The pier-to-pier walk along the promenade from Bournemouth Pier to Boscombe Pier is a great way to make the most of the fresh sea air. Warm-up first with a round of Adventure Golf, situated next to Bournemouth Pier.
Take a break from the sea and pop over to the Victorian gardens, which include an art exhibition at Pine Walk, an aviary, an ornamental rocker, and a beautiful bandstand. The garden hosts many worthwhile events throughout the year so check to see what’s on when you’re there.
With heaps of family attractions, picturesque walks, and a buzzing nightlife, it’s no wonder Bournemouth is one of Britain’s finest English coastal towns.
Sampling the local seafood is a must when visiting Bournemouth, but if you’re vegetarian or vegan, don’t worry as there are restaurants catering to every need.
If you’re a fan of famous landmarks, Brighton is the place to be. The opulent Royal Pavilion, the over-the-top Brighton Pier, and the narrow Lanes peppered with quaint shops are enough to keep you going for a while.
If you’re visiting around August, you won’t be able to miss the amazing Pride celebrations. It’s no wonder that the city is Britain’s LGBTQ+ capital.
There’s definitely not a shortage of culture here making it a top choice for travelers to English coastal towns. The Brighton Dome, which is part of the historic pavilion estate, plays host to a year-round schedule of music, theater, and dance so check the schedule before you go.
While perusing the streets, you might even be lucky enough to see some of the famous Banksy’s works of art.
If you want to be extra sure you’ll get a couple of sunny days during your trip, then you’ll be glad to know that this region enjoys more hours of sunshine than anywhere else in Britain. The city is always a few degrees warmer than the rest of the UK, so that’s good to know!

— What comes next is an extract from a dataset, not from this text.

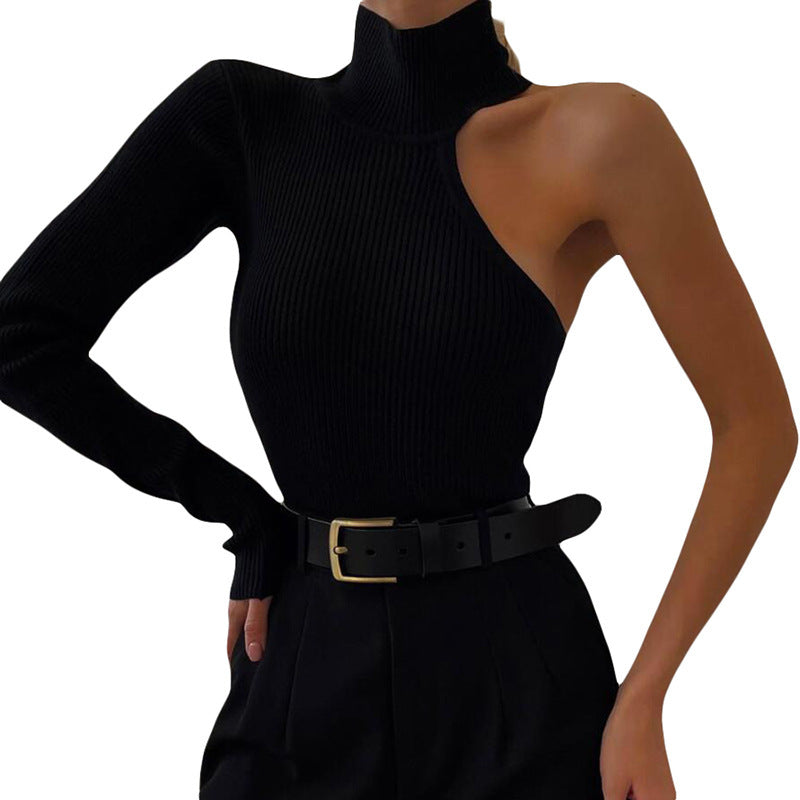Damen Elegantes Einarmiges Bodysuit mit Stehkragen Drune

A tag further up north than the other seaside places mentioned so far, Whitby lies on the east coast and boasts shingle cliffs packed full of fossils so, it’s no wonder the place has been nicknamed Yorkshire’s “dinosaur coast.”

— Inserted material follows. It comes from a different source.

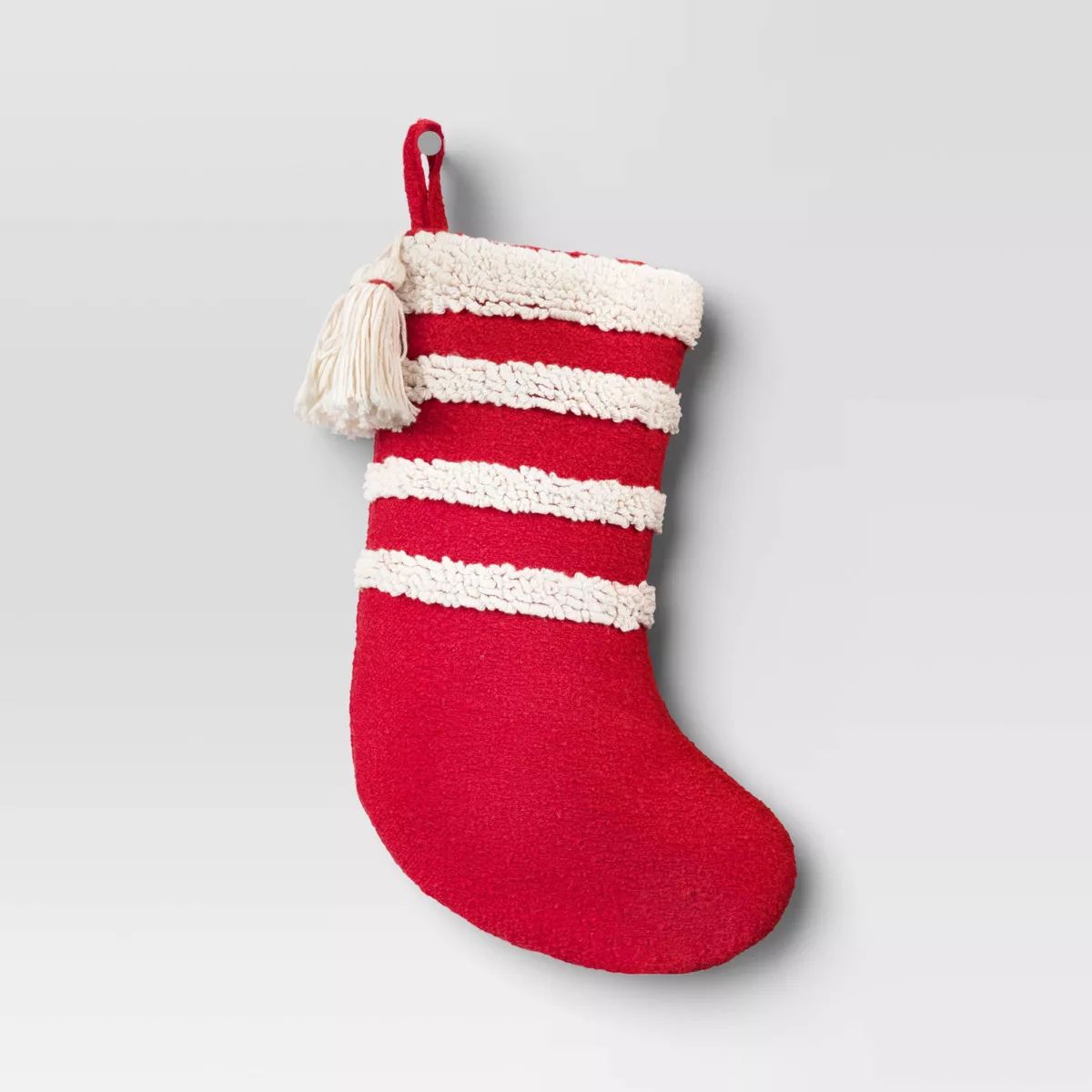 Textured Christmas Stocking with Tassel Red - Threshold™ | Target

It’s not surprising that Bram Stoker chose to set his famous Dracula novel here, what with the many ruins and cemetaries that give off an eerie vibe. You can even learn more about Dracula by paying the Dracula Experience a visit.
Don’t be shocked to see people walking around laden in black – October is when the annual Whitby Goth Weekend takes place. Why not dye your hair black and join them?

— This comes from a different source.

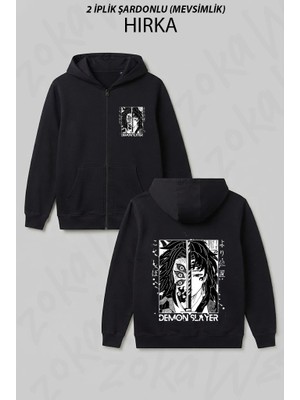 Zoka Wear Kokushibo Printedshirts Poster Ts Items Uppermoon 1 Demon Slayer Baskılı Fermuarlı Kapşonlu Hırka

Being a seaside town with a working fish port, there’s no shortage of fish & chip shops, with the Magpie Café being the most famous. It was even voted the best fish & chip shop in the world in 2007. Just expect a bit of a line!
With so much history surrounding Whitby, this is certainly one of the best English coastal towns to visit for such enthusiasts. Check out the memorial statue of Captain James Cook, situated next to the famous Whale Bone arch. He was one of Britain’s most important navigators and the museum dedicated to him – Captain Cook Museum – can be found on Grape Lane.
Tynemouth, Tyne & Wear
Even more north is the large town of Tynemouth which is one of the best English coastal towns for families to explore. Just outside of Newcastle, Tynemouth manages to perfectly combine city coolness with the perfect seaside experience.
Its three white sandy beaches, ruined priory and castle, and working lighthouse are definitely highlights that are not to be missed.
Traditional pub food and an abundance of fish & chips places will keep your belly full. Riley’s Fish Shack serves locally caught fresh seafood and can be found right on the beach in King Edwards Bay.
If you’ve always wanted to learn to surf, here’s the place to do it! The abundance of surf schools means you’ll be riding the waves in no time. And if it does happen to rain, pop into Tynemouth Aquarium, which is a great day out for the whole family.
Not enough good things are said of English coastal towns. When we think of a trip to the UK we think of London, but exploring outside the city and to the sea is not only glorious but fun. Where will you put your toes in the sand?